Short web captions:
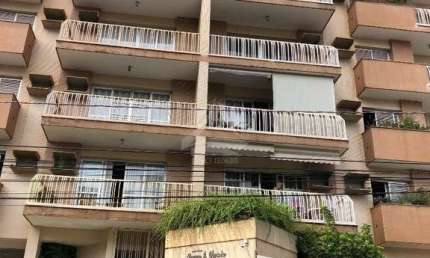 Apartamento com 3 quartos à venda no Centro, Ribeirão Preto  por R$ 379.000
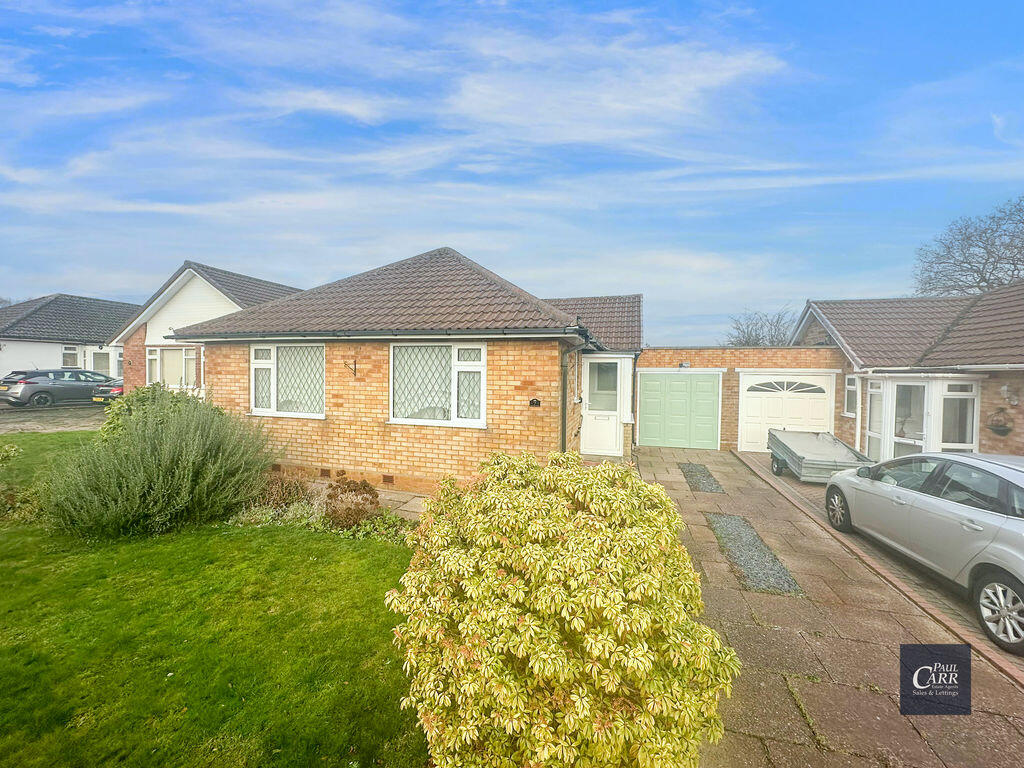 Main image of property: Briar Avenue, Streetly, Sutton Coldfield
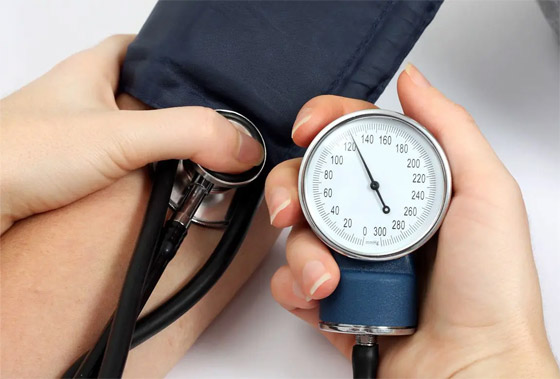 6 مشروبات منزلية لخفض ضغط الدم المرتفع.. تعرفوا عليها صورة رقم 9 6 مشروبات منزلية لخفض ضغط الدم المرتفع.. تعرفوا عليها صورة رقم 9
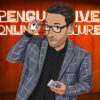 Luis Otero - Penguin Live Lecture 2 ( Instant Download )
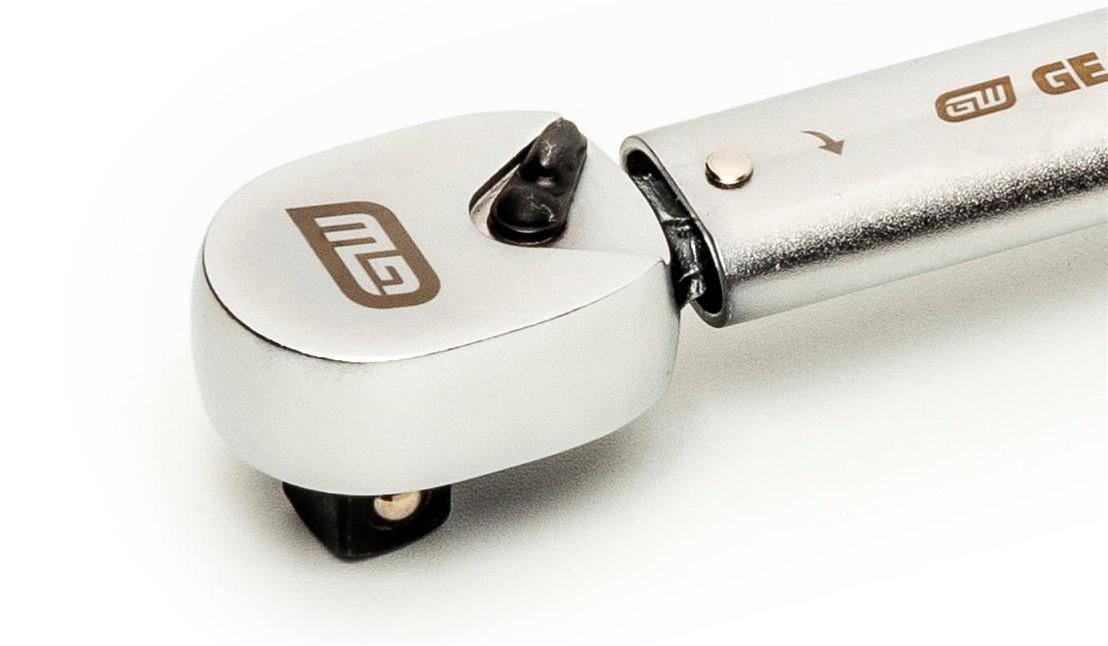 Gearwrench Torque Wrenches 85161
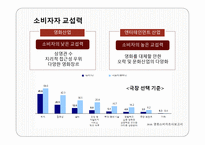 CJ 마케팅 분석 씨제이 마케팅 목표-11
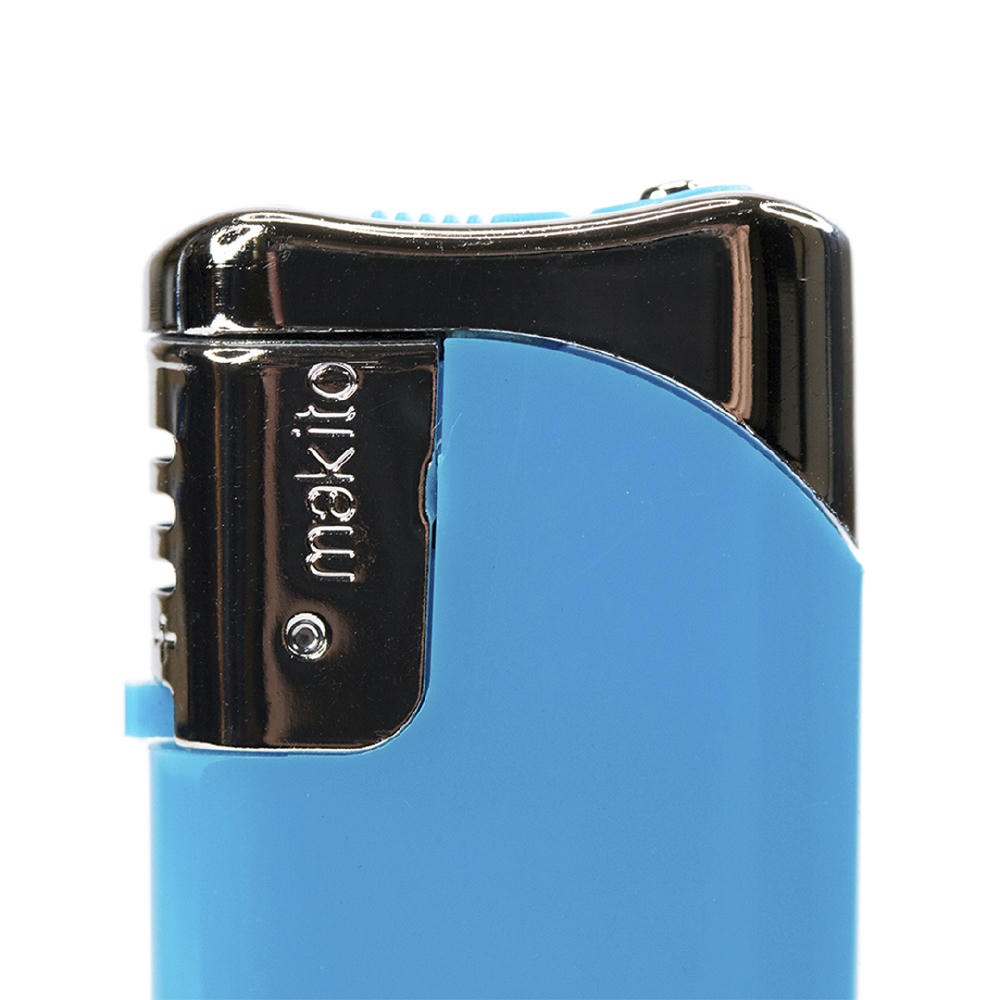 Product image Feuerzeug Plain Werbeartikel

__TASK TO CARRY OUT__: Images stay out, but the rest of the records must be retyped exactly.

__RESPONSE BOX__:
 Apartamento com 3 quartos à venda no Centro, Ribeirão Preto  por R$ 379.000
 Main image of property: Briar Avenue, Streetly, Sutton Coldfield
 6 مشروبات منزلية لخفض ضغط الدم المرتفع.. تعرفوا عليها صورة رقم 9 6 مشروبات منزلية لخفض ضغط الدم المرتفع.. تعرفوا عليها صورة رقم 9
 Luis Otero - Penguin Live Lecture 2 ( Instant Download )
 Gearwrench Torque Wrenches 85161
 CJ 마케팅 분석 씨제이 마케팅 목표-11
 Product image Feuerzeug Plain Werbeartikel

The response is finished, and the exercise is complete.